New Zealand scientists on their first probe of deep-sea volcanoes believe they have found many new life forms, reports Xinhua.
In an 18-day expedition of the deep sea floor, the scientists collected several geological samples and sea floor creatures for analysis, the New Zealand Press Association said.
The Geological and Nuclear Sciences Ltd (GNS) exploration was the country's first in a manned submersible, and investigated the Brothers volcano 1,800 meters below the sea.

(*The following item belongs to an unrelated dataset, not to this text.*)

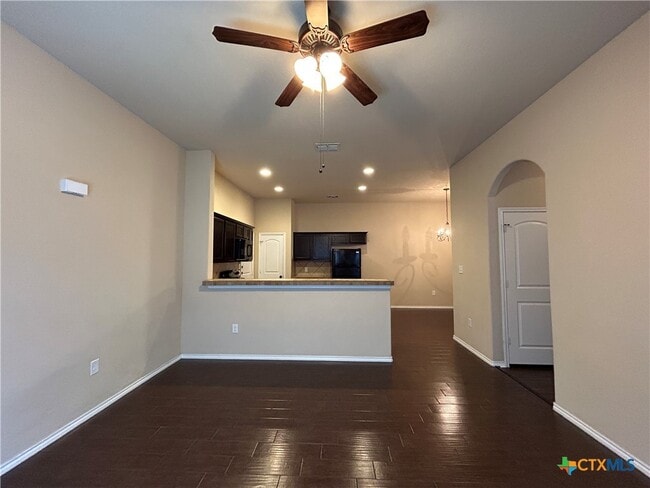 Building Photo - 697 Creekside Cir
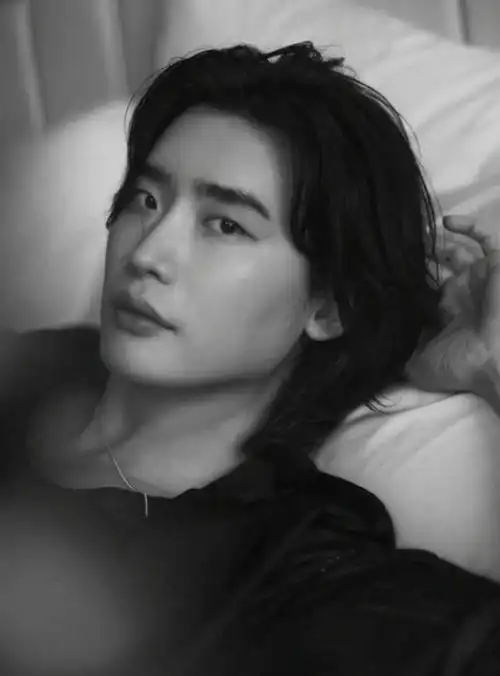 帅气韩国欧巴李钟硕颜值回归,个人ig 晒短发时尚新照!_发型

"We saw scores of chimneys, some six meters tall, each containing thousands of tonnes of metal," GNS project leader Cornel de Ronde said.
Fluids were pumping out of chimneys at 300 degrees Celsius forming dense plumes of black smoke at one of the sites, Ronde said.
Minerals in the chimneys included iron, copper, lead and zinc.
The biological samples they took included shrimp, scale worms, crabs, eel-fish, limpets, and tube worms - the first time the species had been recorded in New Zealand territorial waters.
The scientists believe that up to 30 percent of the creatures they collected might never have been investigated before.
Among the creatures recovered using the submersible's robotic arms were "colonies of heat-loving micro-organisms that may have potential future applications in pharmaceuticals, in bioremediation of contaminated sites, and in biomining", GNS said in a statement.
Ronde hoped the joint New Zealand-Japanese expedition could be repeated. "It has also opened the door for further collaboration with the Japanese."